I gave up (having the firewall reboot in the middle of phone calls is a deal breaker!), got a new SSD, and installed 17.1.4. Restored my configuration, reinstalled my plugins, and rebooted.
(http://venus.morante.net/downloads/unibia/screenshots/Screenshot-2017-7-5.png)
I discovered that OPNSense doesn't like multi-boot. I was hoping to have both SSD's installed and have the ability to boot into different firmware, but even if I boot off the second SSD, the firmware on the first still gets loaded, very odd.
Interestingly I noticed something on the dashboard that wasn't working in 17.1.8...
(http://venus.morante.net/downloads/unibia/screenshots/Screenshot-2017-7-5-Dashboard-Lobby-stargate.png)
The gateway status panel has content were as it previously did not. I do remember this working before doing the update. So perhaps there is indeed something broken in the latest firmware.
Sadly the kernel panics continue. I managed to capture the full output from the console.
http://bin.morante.net/?a7abaf76b27003b4#tzPdX3k8gOD2+SGl4w7uvU2Bxi4/hsYlQcACBAuh1HI=
I'm starting to notice a pattern with the kernel panics. They seem to happen regularly at ~7:30 UTC and ~13:00 UTC
I'm assuming the lack of additional response is either this is a known bug, no one knows what is wrong, or no one wants to help?
Really hoping I can make this work.
Hi tuaris,
No responses from me means not enough time for helping out here.

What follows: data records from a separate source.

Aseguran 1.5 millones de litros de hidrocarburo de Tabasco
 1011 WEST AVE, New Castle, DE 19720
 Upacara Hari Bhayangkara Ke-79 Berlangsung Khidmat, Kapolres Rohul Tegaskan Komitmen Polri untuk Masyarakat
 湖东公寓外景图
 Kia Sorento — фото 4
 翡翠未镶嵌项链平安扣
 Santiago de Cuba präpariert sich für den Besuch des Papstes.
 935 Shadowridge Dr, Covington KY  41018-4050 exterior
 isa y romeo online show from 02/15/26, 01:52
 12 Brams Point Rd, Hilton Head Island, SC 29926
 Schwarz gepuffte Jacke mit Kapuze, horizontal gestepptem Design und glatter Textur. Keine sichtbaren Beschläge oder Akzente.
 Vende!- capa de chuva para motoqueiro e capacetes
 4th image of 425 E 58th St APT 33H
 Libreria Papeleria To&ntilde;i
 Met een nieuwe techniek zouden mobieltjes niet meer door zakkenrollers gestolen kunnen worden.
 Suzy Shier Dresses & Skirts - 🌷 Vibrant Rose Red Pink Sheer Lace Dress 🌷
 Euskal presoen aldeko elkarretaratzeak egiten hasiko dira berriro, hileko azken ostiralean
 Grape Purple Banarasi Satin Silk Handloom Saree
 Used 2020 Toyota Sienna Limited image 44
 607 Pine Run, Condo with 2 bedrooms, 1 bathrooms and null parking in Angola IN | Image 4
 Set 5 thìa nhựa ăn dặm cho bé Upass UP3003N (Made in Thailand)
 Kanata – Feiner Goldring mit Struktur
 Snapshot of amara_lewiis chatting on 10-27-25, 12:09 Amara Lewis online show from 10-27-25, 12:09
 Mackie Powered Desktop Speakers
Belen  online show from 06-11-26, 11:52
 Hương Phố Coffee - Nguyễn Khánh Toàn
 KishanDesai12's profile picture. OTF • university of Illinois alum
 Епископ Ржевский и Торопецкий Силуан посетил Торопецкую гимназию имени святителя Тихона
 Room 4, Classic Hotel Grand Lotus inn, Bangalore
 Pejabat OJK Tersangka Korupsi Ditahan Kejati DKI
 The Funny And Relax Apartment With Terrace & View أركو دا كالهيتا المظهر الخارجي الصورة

I don't expect the update is the issue. You could easily go back to an older kernel (it crashes there after all):
# opnsense-update -kr 17.1.4
# /usr/local/etc/rc.reboot
If the crashes continue this is due to heavy traffic and / or heat.
Your stack trace is also interesting in that it includes Firewall State Sync, IPsec and VLANs at the same time.
Also, how many services are you running? IPS? Web proxy? How is your RAM usage?
random_fortuna_pre_read() at the top is not a networking subsystem, the box crashes trying get random bytes for the kernel for an IP packet it tries to send out.
You could also also try to shape your traffic a bit to take the edge off... The Soekris net6501 isn't the fastest hardware around anymore.
Cheers,
Franco
PS: How is 17.1.9 performing?
Thanks I didn't mean to sound too negative. That last post was made after the box crashed at the worst possible moment :).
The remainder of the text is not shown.